Your task>
An exact transcription is needed, beginning at the line with "a view of an entryway with wooden floor" and ending at the last line of the listing, with pictures left out and nothing else added.

Information supplied>

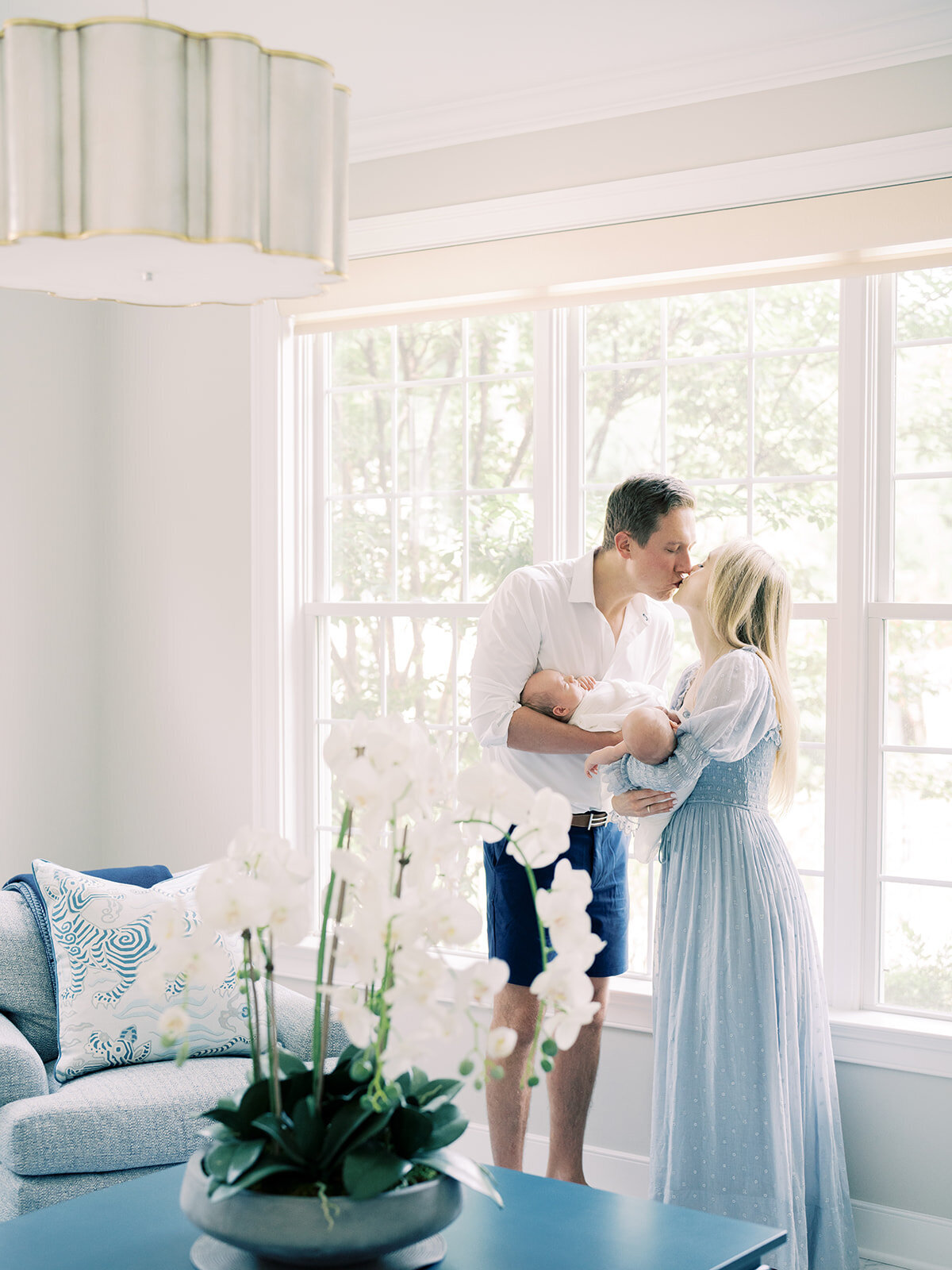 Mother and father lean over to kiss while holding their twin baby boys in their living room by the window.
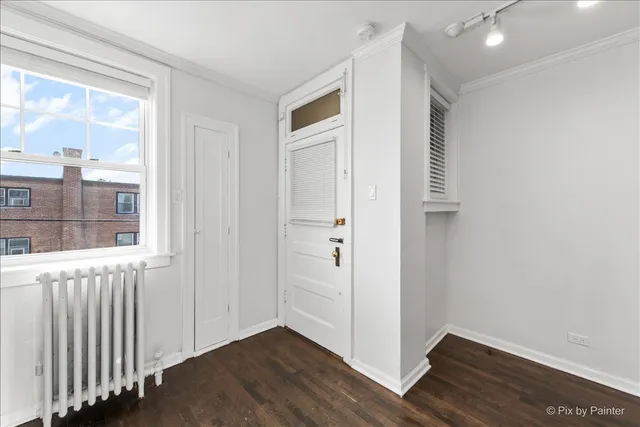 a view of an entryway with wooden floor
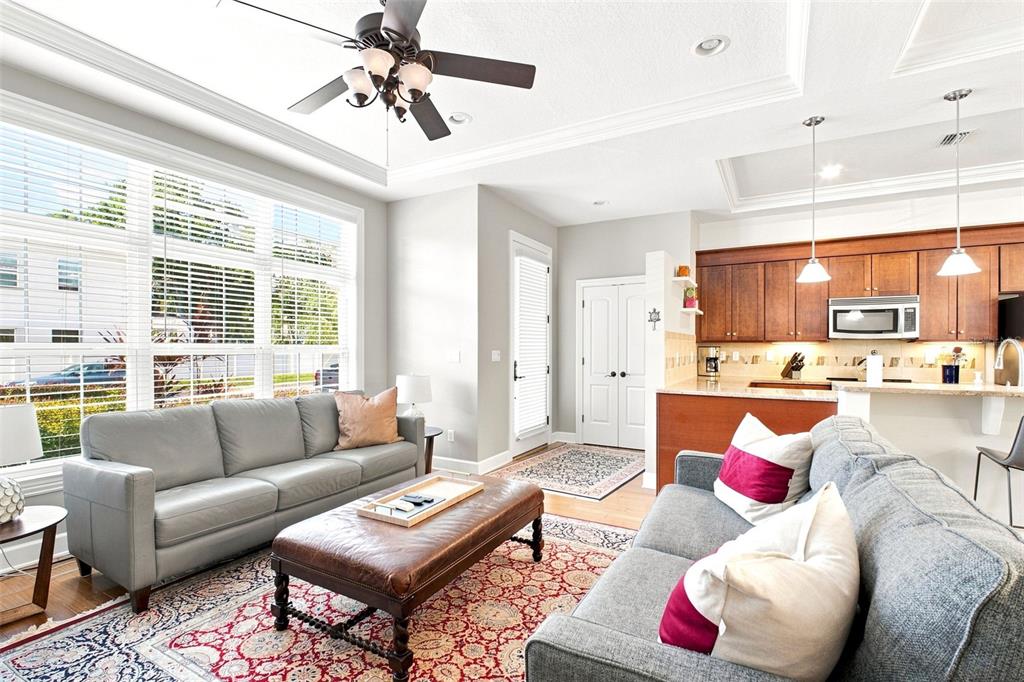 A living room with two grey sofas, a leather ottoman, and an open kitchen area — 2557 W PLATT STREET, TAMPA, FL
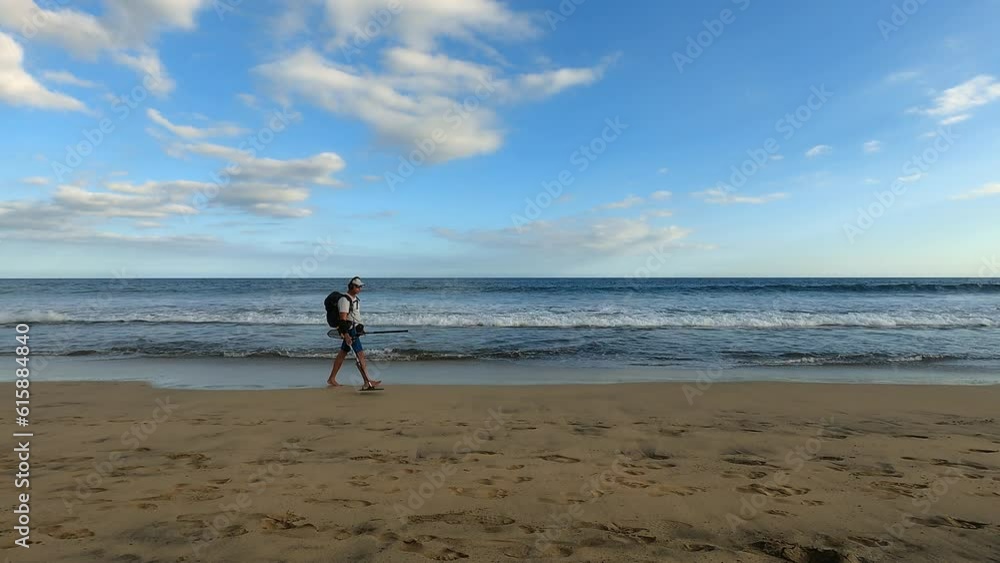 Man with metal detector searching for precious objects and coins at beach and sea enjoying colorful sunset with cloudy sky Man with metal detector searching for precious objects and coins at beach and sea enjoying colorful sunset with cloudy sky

Result for this exercise>
 a view of an entryway with wooden floor
 A living room with two grey sofas, a leather ottoman, and an open kitchen area — 2557 W PLATT STREET, TAMPA, FL
 Man with metal detector searching for precious objects and coins at beach and sea enjoying colorful sunset with cloudy sky Man with metal detector searching for precious objects and coins at beach and sea enjoying colorful sunset with cloudy sky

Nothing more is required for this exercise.